Irvine High School is a public high school, located in the city of Irvine in Orange County, California, United States. It is part of the Irvine Unified School District. The school is located in the El Camino Real neighborhood in the north-central part of the city.

As of the 2025–2026 school year, the school had an enrollment of 1,951 students and 76 classroom teachers (on an FTE basis), for a student-teacher ratio of 26:1

==Awards and recognition==
During the 1988–89 school year, Irvine High School was recognized with the Blue Ribbon School Award of Excellence by the United States Department of Education, the highest award an American school can receive.

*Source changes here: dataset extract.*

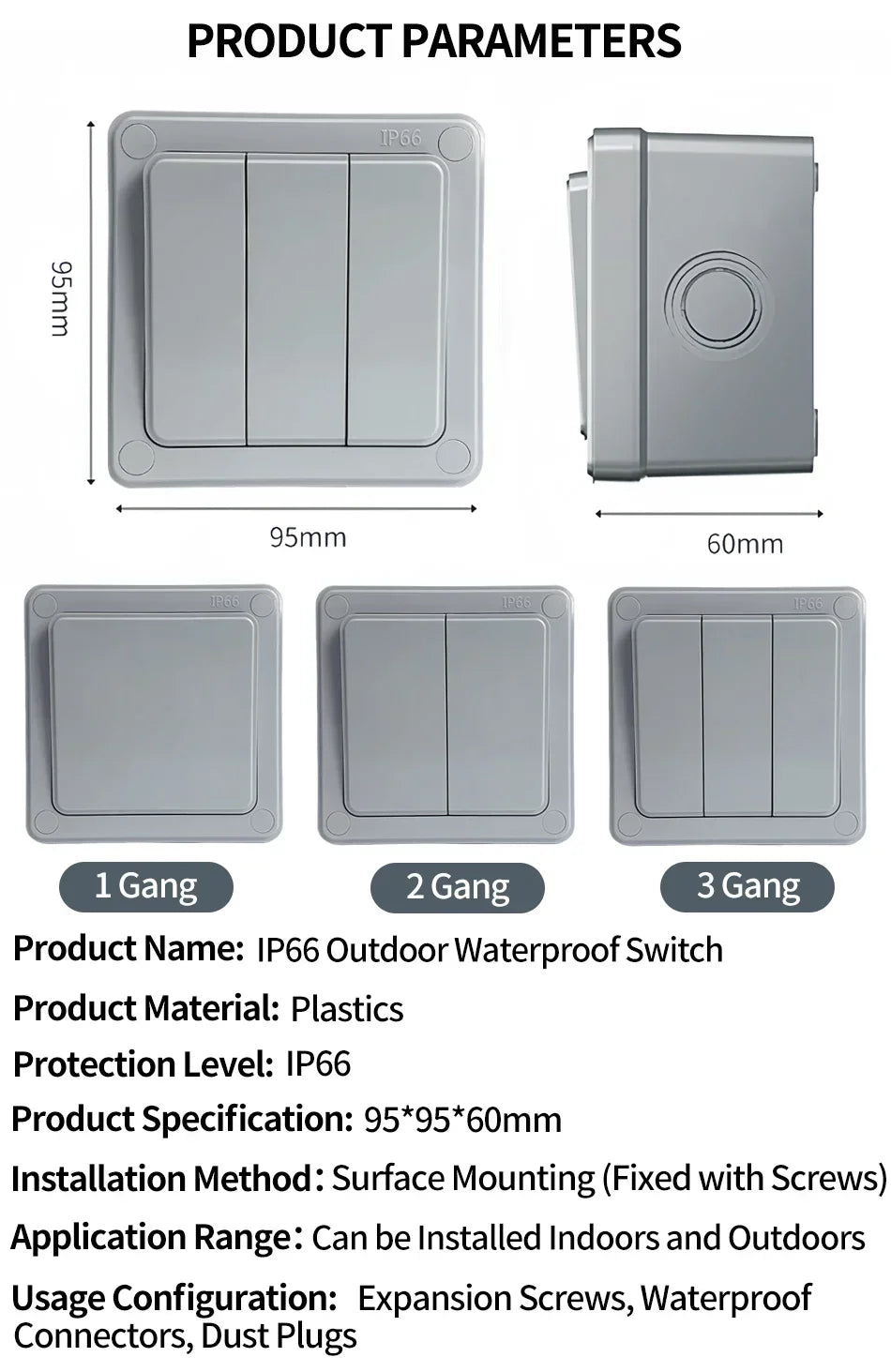 IP66 Outdoor Wall Switch 16A Weatherproof Push Button 1/2/3 Gang Electrical for Garden Patio Exterior Use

It was named a California Distinguished School by the California State Board of Education in both 1988 and 2007.

Additionally, in 2000 and again in 2006, the Accrediting Commission for the Western Association of Schools and Colleges awarded Irvine High a full six-year term of accreditation under the Pursuing Excellence format.

Irvine High School has also been named a Grammy “Signature Gold” for its instrumental and choral music departments.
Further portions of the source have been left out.